== Given information ==

◆ ◆ ◆ ◆ ◆ ◆ ◆

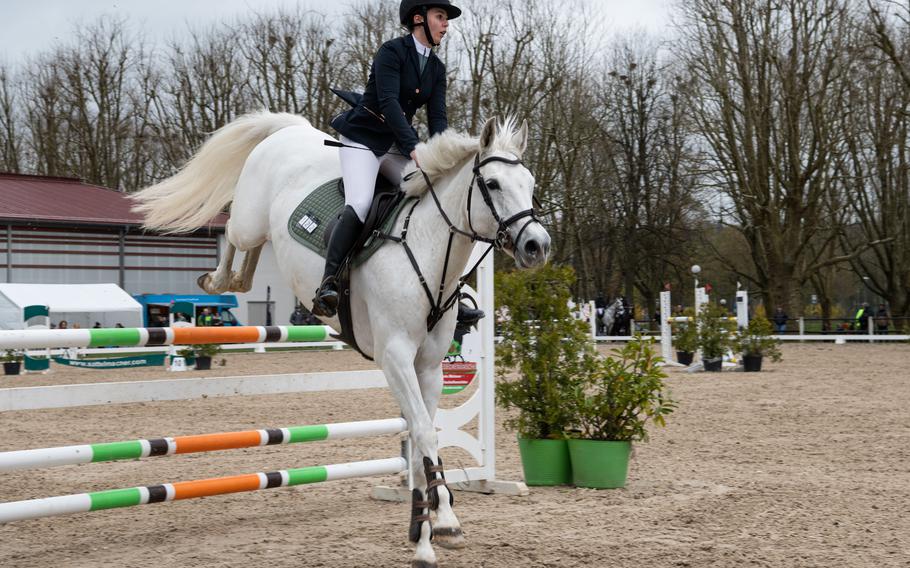 A rider competes at an outdoor jumping tournament at Zweibruecken State Stud, April 16, 2023.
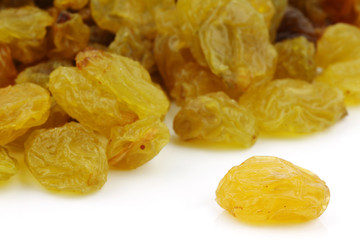 dried white raisins on a white background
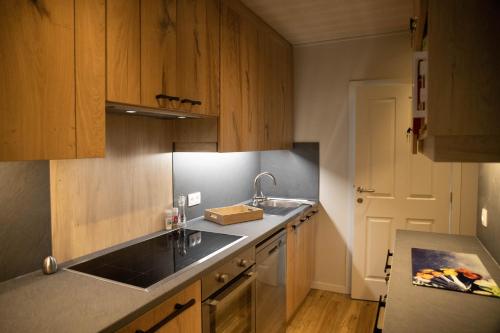 a kitchen with wooden cabinets and a sink and a counter at Chalet à l'aise met Wellness, Durbuy in Durbuy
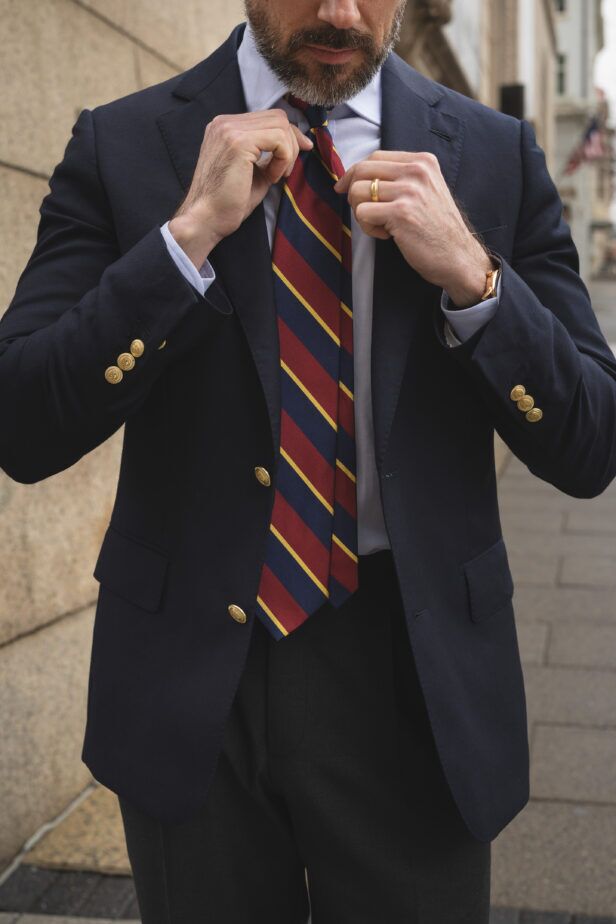 Navy blazer with gold buttons, burgundy and navy repp stripe tie and white shirt, worn by a model on the street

◆ ◆ ◆ ◆ ◆ ◆ ◆

== What you will do ==
A verbatim copy of the data, pictures removed, is the expected result.

== Result ==
 A rider competes at an outdoor jumping tournament at Zweibruecken State Stud, April 16, 2023.
 dried white raisins on a white background
 a kitchen with wooden cabinets and a sink and a counter at Chalet à l'aise met Wellness, Durbuy in Durbuy
 Navy blazer with gold buttons, burgundy and navy repp stripe tie and white shirt, worn by a model on the street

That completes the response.